A year after Donald Trump shocked pundits and prognosticators by winning the White House, voters in several key races gave the president his annual political check-up, and like most yearly check-ups, there was some discomfort. In the biggest race of the day,
Democrat Ralph Northam beat Republican Ed Gillespie in what was widely described as a test of Trumpism without Trump. (It turned out to be Trumpism without votes.) Here’s WaPo’s Jennifer Rubin with 15 takeaways from Virginia.

+ “Robert Marshall, who once referred himself as Virginia’s ‘chief homophobe,’ had held the position for more than two decades and recently introduced his own version of a ‘bathroom bill’ to the state legislature.” Last night, he lost to Danica Roem, who will become the first out transgender person to be elected and get seated in a state legislature. Marshall focused on hate. Roem focused on traffic.

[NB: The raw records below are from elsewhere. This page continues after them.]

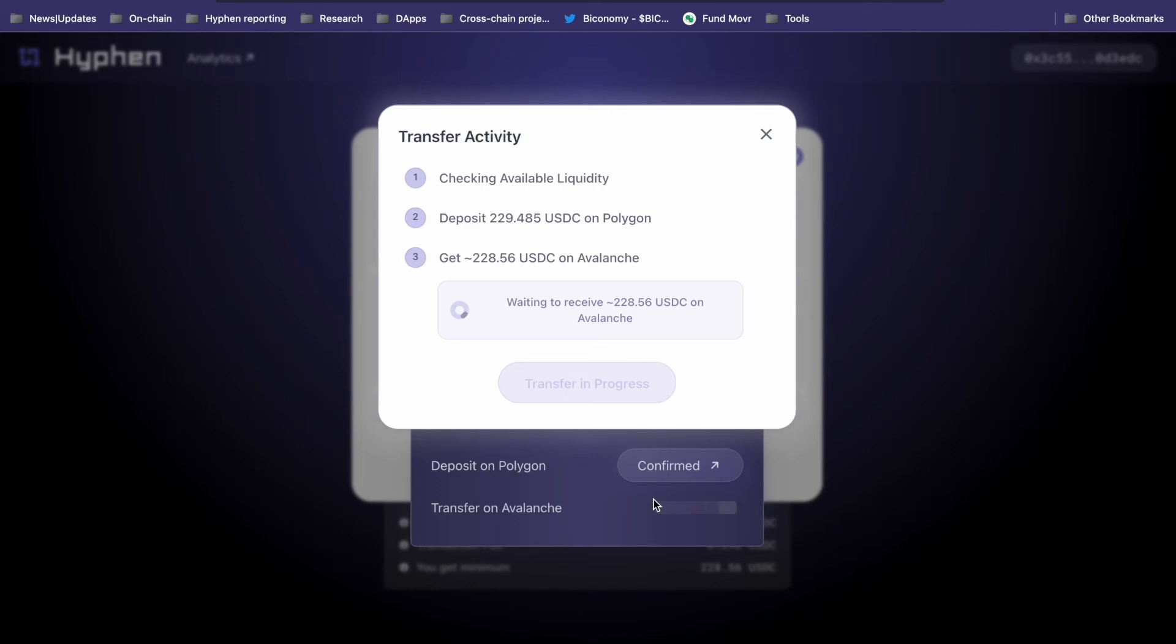So once the assets are deposited on the Hyphen pool on the source chain, the executor nodes verify it and then initiate a transfer from the liquidity pool on the destination chain to the user.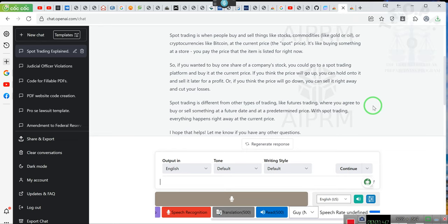It's like buying something at a store - you pay the price that the item is listed for right now. So, if you wanted to buy one share of a company's stock, you could go to a spot trading platform and buy it at the current price. If you think the price will go up, you can hold on to it and sell it later for a profit. Or, if you think the price will go down, you can sell it right away and cut your losses.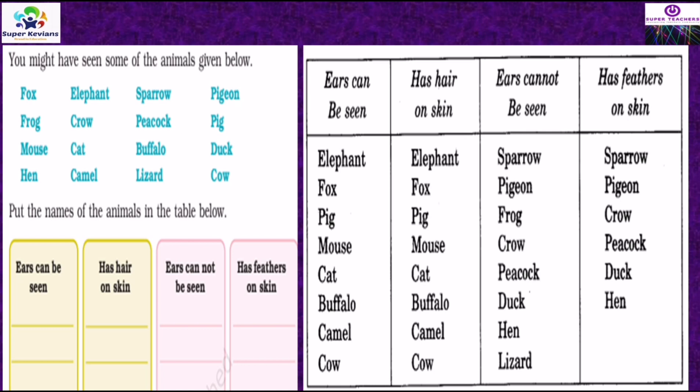Animals whose ears cannot be seen: sparrow, pigeon, frog, crow, peacock, dog, hen, lizard. And animals that have feathers on skin are all the birds: sparrow, pigeon, crow, peacock, and also dog and hen. You can see that the 'ears can be seen' group and 'has hair on skin' group are almost the same.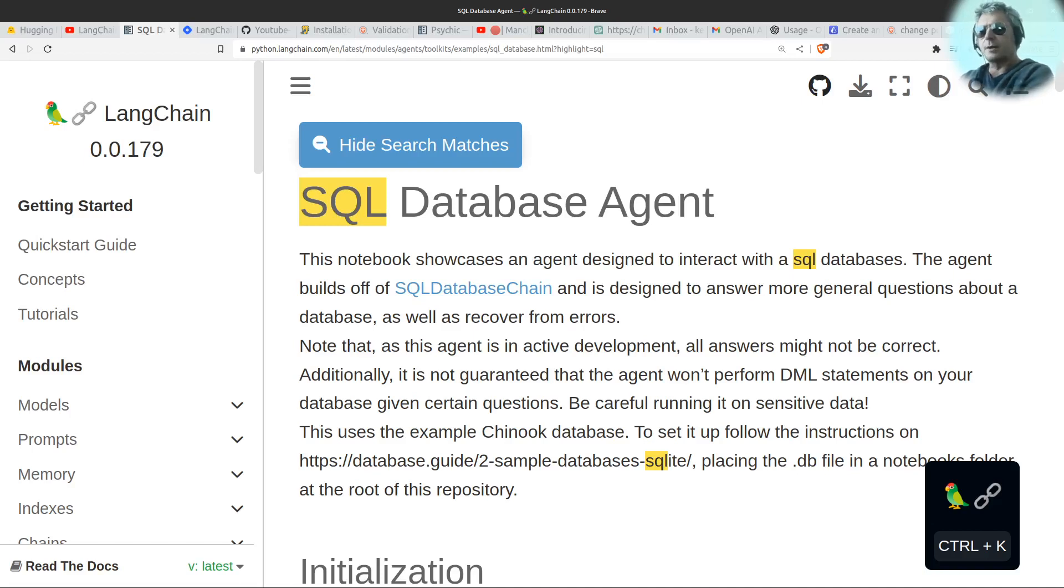Hello, going to be looking at something quite specific today. We're looking at how to use the SQL Database Agent with LangChain.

+ Chris Hurst, whose girlfriend died in a live TV shooting, won a seat in Virginia’s statehouse.

+ In New Jersey, Phil Murphy won the gubernatorial race, and a politician who made a bad joke about the Women’s March lost to a woman he inspired to run.

+ NPR: Election day results brought many firsts for diverse candidates nationwide. And from The Guardian, a night of firsts: 10 historic victories from the US elections.